Usa news

Why ‘Mona’s Eyes’ author is only pretending to be OK with this, readers

Thomas Schlesser is the author of “Mona’s Eyes,” which was a No. 1 bestseller in France and has been translated into 37 languages, including Braille. The director of the Hartung-Bergman Foundation in France, he teaches art history at the Ecole Polytechnique in Paris. Schlesser will appear at Vroman’s in Pasadena on Oct. 27 to speak and sign the book.

Q. Please tell our readers about your new book.

“Mona’s Eyes” tells the story of a ten-year-old girl who spends 52 weeks visiting the great museums of Paris — the Louvre, the Musée d’Orsay, and the Centre Pompidou — guided by her grandfather. Each week, she discovers a single masterpiece and, through it, a way of understanding life: generosity, doubt, courage, melancholy, revolt, and many others. The book is built around this idea that art can teach us to live, not merely to know. It is at once a novel of transmission, a meditation on beauty, and a reflection on what it means to see.

One of the central aspects of “Mona’s Eyes” is its inclusive dimension. The book was conceived so that people with low or no vision could experience it fully. Its descriptions of artworks are written to be “heard” and imagined, and the novel exists in Braille and audio versions. It was important to me that the story be accessible to everyone — because vision, in the deepest sense, is not just a matter of the eyes, but of the soul.

Sign up for our free newsletter about books, authors, reading and more

Q. Do you remember the first book that made an impact on you?

Maybe “The Lion” by Joseph Kessel. I read it when I was the same age as Mona in my novel — ten years old. I think I had enjoyed it without fully understanding why: the friendship between the girl and the lion, the landscapes of Kenya, that mixture of beauty and danger. But what has stayed with me ever since is the final line: “And the beasts were dancing.” It struck me as a very concrete, almost physical metaphor — something you can see, feel, and believe in. And for some reason, it has followed me all my life.

Q. Is there a type of book you’re hesitant to read?

Philosophy. I’ve never had the mind for it — I think it requires a very particular kind of intelligence. But I must admit I’m also dismayed by the amount of jargon that so often surrounds it, a kind of delirious fog that stands between the reader and the idea. If I’m going to read something obscure, I’d rather it be the beautiful obscurity of poetry — at least madness there has music.

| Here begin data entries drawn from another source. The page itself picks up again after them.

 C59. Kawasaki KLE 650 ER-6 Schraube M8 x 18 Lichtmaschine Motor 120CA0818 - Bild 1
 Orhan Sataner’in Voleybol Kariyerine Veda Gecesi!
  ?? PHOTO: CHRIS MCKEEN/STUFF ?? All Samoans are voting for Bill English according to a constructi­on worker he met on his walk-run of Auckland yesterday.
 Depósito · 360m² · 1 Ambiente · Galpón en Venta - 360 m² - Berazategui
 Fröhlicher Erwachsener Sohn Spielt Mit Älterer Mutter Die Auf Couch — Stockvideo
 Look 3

Q. Do you have any favorite book covers?

Absolutely — I’ve always been drawn to science-fiction covers, especially those that feel almost hyperreal, uncanny. I remember being deeply impressed by covers using works by Zdzisław Beksiński, whose art is dark, haunting, surreal — as though you’re peering into another realm through flesh and shadow. Of course, I wouldn’t call them untouchable masterpieces, but they possess an extraordinary imaginative force — a power to create entire worlds from a single image.

Q. Are you the kind of reader who finishes every book you start, or do you allow yourself to stop when a book doesn’t speak to you?

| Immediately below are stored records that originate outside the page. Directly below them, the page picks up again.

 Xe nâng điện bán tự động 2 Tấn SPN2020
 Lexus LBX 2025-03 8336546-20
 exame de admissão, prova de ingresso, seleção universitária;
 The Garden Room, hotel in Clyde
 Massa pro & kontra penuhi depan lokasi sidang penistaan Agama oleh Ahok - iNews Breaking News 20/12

I don’t think it’s a problem to dip in and out of books. I like the idea that reading is a form of poaching — unpredictable, fragmentary, instinctive. I’ve always loved the freedom to move between pages, to catch sparks rather than follow maps. That said, I also recognize that some books demand to be felt and understood in their entirety — they form a world, a system. And I’ll admit something: it slightly irritates me when people tell me they’ve read “Mona’s Eyes” out of order, even if I pretend publicly that I don’t mind.

Backlisted: A beginner’s guide to the best of the books podcast

Q. Do you have a favorite bookstore or bookstore experience?

Yes — I remember visiting a small bookstore in Los Angeles in 2007, called Wacko. It was unlike anything I’d seen before: half art gallery, half cabinet of curiosities. On one of the tables, I found an English translation of a book by my friend Philippe Di Folco about tattoos. Seeing his work there, so far from home, made me dream. So today, finding “Mona’s Eyes” in American bookstores feels both moving and a little unreal.

Q. What’s something about your book that no one knows?

I’m not sure no one knows it, but the final part of “Mona’s Eyes” is built around artworks increasingly marked by darkness — as if the book itself were gradually embracing the risk of blindness that grows within the story. There are many small hidden details like that throughout the novel, subtle echoes between the paintings and Mona’s inner journey, that most readers don’t necessarily notice at first.

Q. If you could ask your readers something, what would it be?

I’m a polite person, so my question is always the same: How are you? It sounds simple, but it’s not. There’s a story I love about Milan Kundera — when someone asked him that automatic question, he paused and said: “That’s an important question. I’ll think about it. When I find the answer, I’ll tell you.”